By Malcolm X, 28 June and 28 November 1964
[From] Speeches by Malcolm X. The first part was given at a rally of the Organization of Afro-American Unity (a movement he founded) held on June 28, 1964, at the Audubon Ballroom in New York. The second is from a radio broadcast on New York station WMCA on Nov. 28, 1964.
Lumumba [is] the greatest black man who ever walked the African continent. He didn’t fear anybody. He had those people so scared they had to kill him. They couldn’t buy him, they couldn’t frighten him, they couldn’t reach him. Why, he told the king of Belgium, Man, you may let us free, you may have given us our independence, but we can never forget these scars.
The greatest speech—you should take that speech and tack it up over your door. This is what Lumumba said: You aren’t giving us anything. Why, can you take back these scars that you put on our bodies? Can you give us back the limbs that you cut off while you were here?
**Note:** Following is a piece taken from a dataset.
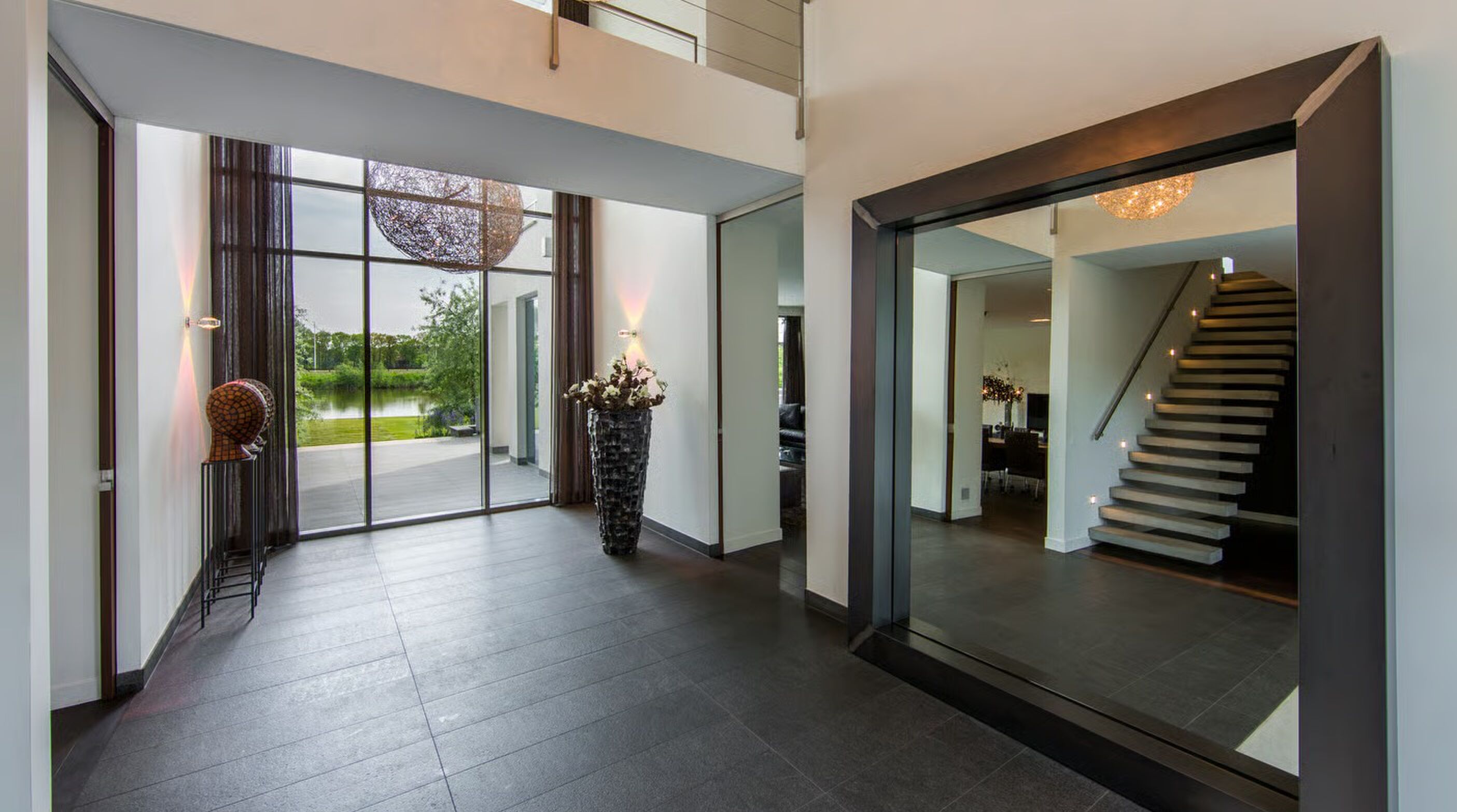 De villa in Winterswijk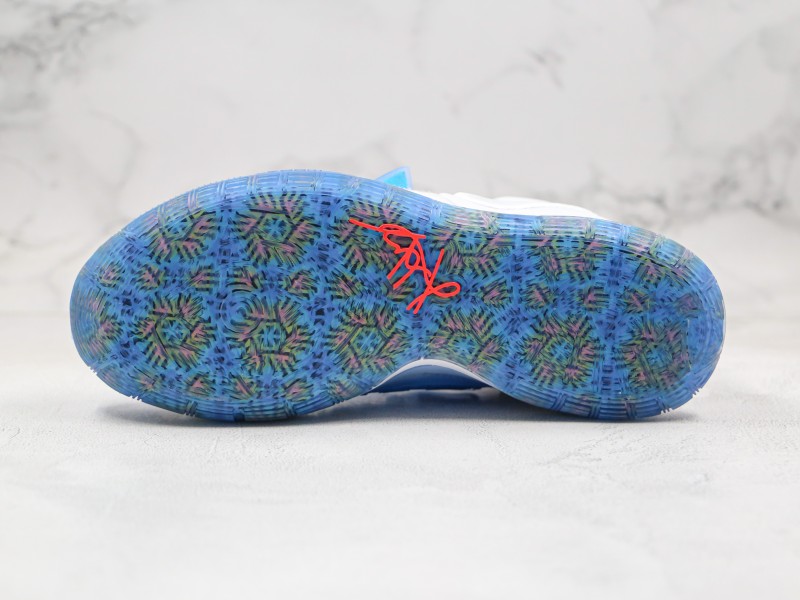 NIKE KYRIE 6 || Nike Kyrie 6 White Sapphire Crimson - Modo Zapatillas | zapatillas en descuento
No, you should never forget what that man did to you. And you bear the scars of the same kind of colonization and oppression not on your body, but in your brain, in your heart, in your soul, right now.
I think too much time is spent by newspapers, commentators, and some of these so-called scientists who are supposed to be authorities trying to prove that the Congolese are savage, that they are not fully developed, that they are not able to govern themselves. Most of the things that we’ve seen in print usually are designed toward that end, and this is not done actually to prove that they are savage as much as it is done to justify what the Western powers are doing in the Congo, or the presence of the Western powers in the Congo, and primarily the presence of the United States.
The basic cause of most of the trouble in the Congo right now is the intervention of outsiders—the fighting that is going on over the mineral wealth of the Congo and over the strategic position that the Congo represents on the African continent. And in order to justify it, they are doing it at the expense of the Congolese, by trying to make it appear that the people are savages. And I think, as one of the gentlemen mentioned earlier, if there are savages in the Congo then there are worse savages in Mississippi, Alabama, and New York City, and probably some in Washington, D.C., too.